9 Nisan 2018 Pazartesi
Hapşırık
Kitap okuyan bir genç, höarkh diye öyle şiddetli hapşırdı ki, ağzını kapadığı kolu ifrazatla doldu. Başını salladı: bir bu eksikti, yapacak bir şey yok, der gibi, ben de başka yöne çevirdim bakışımı. Biraz sonra, karşı koltuktaki kadının çocuğa kağıt mendil uzattığını gördüm. Çocuk mendili aldı, ama -kızarmasından anladığım kadarıyla- utandığından olacak, teşekkür etmedi.
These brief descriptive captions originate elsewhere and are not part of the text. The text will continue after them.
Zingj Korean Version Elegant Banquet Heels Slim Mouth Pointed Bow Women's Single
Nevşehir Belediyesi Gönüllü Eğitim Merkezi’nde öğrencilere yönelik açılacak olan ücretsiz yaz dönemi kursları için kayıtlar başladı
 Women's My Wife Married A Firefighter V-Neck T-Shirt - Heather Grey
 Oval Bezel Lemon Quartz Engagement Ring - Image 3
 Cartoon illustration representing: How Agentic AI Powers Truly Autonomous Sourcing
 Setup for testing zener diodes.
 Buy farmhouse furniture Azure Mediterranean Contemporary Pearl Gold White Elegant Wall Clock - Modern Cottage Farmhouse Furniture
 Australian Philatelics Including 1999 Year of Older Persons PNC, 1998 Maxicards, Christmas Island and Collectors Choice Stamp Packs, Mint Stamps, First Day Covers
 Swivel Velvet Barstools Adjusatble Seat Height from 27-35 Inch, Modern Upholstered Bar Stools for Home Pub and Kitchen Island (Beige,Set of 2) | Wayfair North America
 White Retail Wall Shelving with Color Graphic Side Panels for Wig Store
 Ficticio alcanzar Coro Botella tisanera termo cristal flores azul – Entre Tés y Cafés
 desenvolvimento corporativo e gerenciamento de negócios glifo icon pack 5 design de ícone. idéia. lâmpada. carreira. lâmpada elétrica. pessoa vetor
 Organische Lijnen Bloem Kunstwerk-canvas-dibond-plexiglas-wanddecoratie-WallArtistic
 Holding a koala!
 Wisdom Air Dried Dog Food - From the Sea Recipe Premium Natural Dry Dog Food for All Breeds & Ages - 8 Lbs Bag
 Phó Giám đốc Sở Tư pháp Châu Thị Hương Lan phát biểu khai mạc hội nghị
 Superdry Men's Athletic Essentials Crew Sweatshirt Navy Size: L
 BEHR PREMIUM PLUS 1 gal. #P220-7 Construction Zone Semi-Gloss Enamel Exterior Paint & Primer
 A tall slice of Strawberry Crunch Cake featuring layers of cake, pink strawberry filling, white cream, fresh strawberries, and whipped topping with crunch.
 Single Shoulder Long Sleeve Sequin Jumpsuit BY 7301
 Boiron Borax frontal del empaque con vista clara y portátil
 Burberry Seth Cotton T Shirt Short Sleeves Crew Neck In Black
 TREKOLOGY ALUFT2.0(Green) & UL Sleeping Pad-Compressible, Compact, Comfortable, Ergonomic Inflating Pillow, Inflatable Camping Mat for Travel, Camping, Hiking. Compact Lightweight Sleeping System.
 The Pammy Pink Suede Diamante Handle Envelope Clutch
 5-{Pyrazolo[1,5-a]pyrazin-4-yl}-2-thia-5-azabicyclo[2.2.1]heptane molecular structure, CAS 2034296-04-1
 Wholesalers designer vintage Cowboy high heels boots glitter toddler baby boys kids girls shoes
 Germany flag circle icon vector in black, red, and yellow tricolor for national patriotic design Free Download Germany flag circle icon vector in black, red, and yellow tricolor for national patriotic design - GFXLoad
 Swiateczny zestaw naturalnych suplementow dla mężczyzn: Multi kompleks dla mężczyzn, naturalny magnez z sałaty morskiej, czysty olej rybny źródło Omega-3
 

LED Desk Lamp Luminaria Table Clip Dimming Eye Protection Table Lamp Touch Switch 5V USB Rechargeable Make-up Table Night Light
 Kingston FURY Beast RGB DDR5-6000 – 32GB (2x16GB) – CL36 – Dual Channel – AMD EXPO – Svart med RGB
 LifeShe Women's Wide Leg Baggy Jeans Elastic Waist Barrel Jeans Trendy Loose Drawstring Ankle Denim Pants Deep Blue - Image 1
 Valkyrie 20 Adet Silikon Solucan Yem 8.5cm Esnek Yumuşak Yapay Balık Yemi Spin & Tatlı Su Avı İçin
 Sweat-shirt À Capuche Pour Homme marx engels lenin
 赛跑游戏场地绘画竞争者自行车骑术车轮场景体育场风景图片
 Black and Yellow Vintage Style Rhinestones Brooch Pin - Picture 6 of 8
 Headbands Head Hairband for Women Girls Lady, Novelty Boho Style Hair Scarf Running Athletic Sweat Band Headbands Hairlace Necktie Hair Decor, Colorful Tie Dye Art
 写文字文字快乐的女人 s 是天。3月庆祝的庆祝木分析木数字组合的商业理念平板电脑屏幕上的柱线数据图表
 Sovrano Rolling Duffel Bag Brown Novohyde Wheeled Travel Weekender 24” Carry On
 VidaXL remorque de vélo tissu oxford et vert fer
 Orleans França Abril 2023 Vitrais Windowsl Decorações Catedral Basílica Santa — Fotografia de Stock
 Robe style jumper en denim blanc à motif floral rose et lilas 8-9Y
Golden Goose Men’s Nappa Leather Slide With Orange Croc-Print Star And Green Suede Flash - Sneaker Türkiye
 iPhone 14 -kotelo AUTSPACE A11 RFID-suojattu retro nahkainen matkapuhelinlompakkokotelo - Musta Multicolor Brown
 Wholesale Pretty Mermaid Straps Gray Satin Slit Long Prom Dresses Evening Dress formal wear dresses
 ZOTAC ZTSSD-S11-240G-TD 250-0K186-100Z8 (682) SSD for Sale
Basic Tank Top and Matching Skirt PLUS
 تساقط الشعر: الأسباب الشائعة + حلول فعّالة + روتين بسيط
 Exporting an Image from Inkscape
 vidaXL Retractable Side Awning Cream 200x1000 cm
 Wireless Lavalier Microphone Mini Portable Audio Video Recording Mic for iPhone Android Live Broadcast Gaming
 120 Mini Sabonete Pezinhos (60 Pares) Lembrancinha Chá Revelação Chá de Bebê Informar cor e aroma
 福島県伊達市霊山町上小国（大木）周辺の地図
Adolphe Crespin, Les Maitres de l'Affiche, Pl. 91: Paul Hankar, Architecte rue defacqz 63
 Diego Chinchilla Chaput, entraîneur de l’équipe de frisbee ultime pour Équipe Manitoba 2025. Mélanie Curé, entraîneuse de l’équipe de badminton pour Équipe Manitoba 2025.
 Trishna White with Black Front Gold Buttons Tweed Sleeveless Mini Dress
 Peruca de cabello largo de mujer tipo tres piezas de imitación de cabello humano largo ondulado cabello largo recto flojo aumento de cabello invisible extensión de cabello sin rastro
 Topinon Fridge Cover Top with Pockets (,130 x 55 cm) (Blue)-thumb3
Niyeyse kadın güneş gözlüğü takıyordu, çocuğun kızardığını anladı mı acaba, yüz ifadesinden anlamıştır, hem ne olacak teşekkür etmemişse, acaba kadının da o yaşta çocuğu mu var diye bir yığın şeyi birkaç saniyede düşündüm. Kadınla aynı durakta indik. Benim aklıma neden çocuğa mendil uzatmak gelmedi, diye hayıflandım, birkaç adım arkasından yürürken. Mendilim var mı ki? Vardır herhalde ama bu çantanın derin dehlizlerinde kim bilir gizli saklı, korkunç ve kirli daha neler neler vardır; çok küçük bir ihtimal bulunsa bile o mendil verilebilir bir mendil midir, diye aklımdan geçirip güldüm, kadına yürüyen merdivende yetiştiğim sırada. Solundan geçerken, "mendil uzatmanız çok ince bir davranıştı" dedim kadına. Tam da düşündüğüm gülümsemeyle baktı bana.
8 Nisan 2018 Pazar
Zübide
Yanımdaki kadın Zübide! Zübide! diye seslendi karşıdaki oturma sırasına doğru. Dört ya da beş yaşlarında bir kız çocuğu, annesi(?) onu arkasına yaslamaya çalıştıkça hacı yatmaz gibi eğilip bükülüyor, yılan gibi kıvrılıp, sıyrılıp yere bırakıyordu kendini. Zübide o mu, annesi mi, Zübide Zübeyde'nin değişik bir söylenişi mi acaba, diye düşündüm. Fatma örneğin, Fatoş oluyor, Fadime Fadik oluyor, hatta kimlik kartına o şekilde de yazılıyor. Ama belki bunlar da birbirinden farklı isimlerdir? Bilmiyorum, kafam karıştı. İlkokulda, Zübeyde diye bir arkadaşım var mıydı? Gözümün önüne gelen o kızın adı Zübeyde miydi? Kalın siyah örgüleri vardı, babası fırıncıydı. Her neyse, olası Zübide en sonunda bulunduğu yerden fırlayarak karşıdan onlara doğru seslenen kadına doğru koştu, kafasını kadının koltukaltına gömdü. Kadının yüzü gülüyor, çocuk da kıvranmıyordu artık, meğer uslu da durabiliyormuş.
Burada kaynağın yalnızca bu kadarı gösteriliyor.